Francesco invece l’anno scorso ha dovuto pagare 300 euro per un ricorso che poi ha vinto. L’algoritmo che da due o tre anni assegna le supplenze lo ha “saltato”, assegnando il posto su cui aveva espresso la preferenza ad un collega con 40 punti in meno di lui.
Intanto ha passato l’anno a vagare tra supplenze brevi di qualche settimana o mese, pagato sempre in ritardo. Quando ha provato a chiedere spiegazioni alla segreteria gli è stato risposto che la prossima volta imparerà a pensarci due volte prima di accettare una supplenza di quel tipo.
Antonio ha superato il famigerato concorso ordinario del 2020 per insegnare storia e filosofia nei licei, dopo aver studiato per mesi. Normalmente sarebbe entrato quest’anno con lo scorrimento della graduatoria, ma i vincitori del nuovo concorso Pnrr sono passati avanti a lui e deve aspettare un altro giro di corsa, sperando che nel frattempo la graduatoria a scorrimento non venga chiusa e che ciò non lo costringa ad affrontare un secondo concorso senza motivo.
Queste sono solo alcune delle storie di chi era in piazza sabato per chiedere la fine dell’abuso dei contratti precari nella scuola, la fine del mercato dei titoli in cambio di punti in graduatoria, l’abolizione di una formazione in ingresso costosissima, dequalificata e preda del mercato deregolamentato delle università telematiche, con le quali gli atenei statali riescono difficilmente a competere.

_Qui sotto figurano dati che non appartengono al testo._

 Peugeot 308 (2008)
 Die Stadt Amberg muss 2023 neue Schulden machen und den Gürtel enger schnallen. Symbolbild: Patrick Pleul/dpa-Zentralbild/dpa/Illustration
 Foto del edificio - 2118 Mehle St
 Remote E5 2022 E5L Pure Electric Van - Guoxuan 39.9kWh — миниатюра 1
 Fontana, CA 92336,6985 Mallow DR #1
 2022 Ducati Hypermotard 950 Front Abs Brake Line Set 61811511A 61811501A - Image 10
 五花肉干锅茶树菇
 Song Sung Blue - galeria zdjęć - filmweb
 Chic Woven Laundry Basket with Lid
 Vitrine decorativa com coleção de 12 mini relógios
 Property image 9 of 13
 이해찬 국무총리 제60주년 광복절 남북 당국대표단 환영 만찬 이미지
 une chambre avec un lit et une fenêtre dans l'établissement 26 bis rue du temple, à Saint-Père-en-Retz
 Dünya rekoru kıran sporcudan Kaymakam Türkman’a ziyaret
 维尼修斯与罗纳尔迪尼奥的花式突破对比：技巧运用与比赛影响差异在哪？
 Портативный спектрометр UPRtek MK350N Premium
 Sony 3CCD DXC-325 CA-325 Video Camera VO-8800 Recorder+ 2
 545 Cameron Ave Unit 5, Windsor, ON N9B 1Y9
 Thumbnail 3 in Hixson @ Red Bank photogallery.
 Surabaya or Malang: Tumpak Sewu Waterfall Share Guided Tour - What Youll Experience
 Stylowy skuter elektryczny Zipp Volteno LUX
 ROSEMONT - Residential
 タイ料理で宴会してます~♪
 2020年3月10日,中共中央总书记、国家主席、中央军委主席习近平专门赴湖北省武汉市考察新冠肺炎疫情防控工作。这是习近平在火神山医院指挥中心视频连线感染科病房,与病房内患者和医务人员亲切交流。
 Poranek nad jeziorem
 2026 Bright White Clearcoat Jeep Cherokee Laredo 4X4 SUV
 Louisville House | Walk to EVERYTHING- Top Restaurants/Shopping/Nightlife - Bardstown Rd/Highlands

Fondata sul lavoro precario
La scuola italiana è strutturalmente fondata sulla precarietà dei docenti. Circa un quarto degli 800mila professori e professoresse attualmente in cattedra nelle scuole statali e paritarie hanno dei contratti a termine.
Tale forza lavoro viene immessa ogni anno negli istituti attraverso un sistema automatizzato, istituito nel 2020 dall’ex ministra Azzolina, che incrocia le disponibilità delle scuole con le preferenze espresse dai docenti durante l’estate. Tuttavia, il sistema non permette loro di conoscere né le disponibilità effettive dei posti né la propria posizione in graduatoria prima di presentare le preferenze. Si tratta del famigerato “algoritmo” che ogni insegnante precario ha imparato a pregare e temere. Il sistema di reclutamento dei docenti ha fatto sì che dal 2015 al 2023, la percentuale di insegnanti precari passasse dal 12 per cento al 24 per cento, dimostrando che il sistema attuale non solo non risolve il problema della stabilità lavorativa, ma lo aggrava.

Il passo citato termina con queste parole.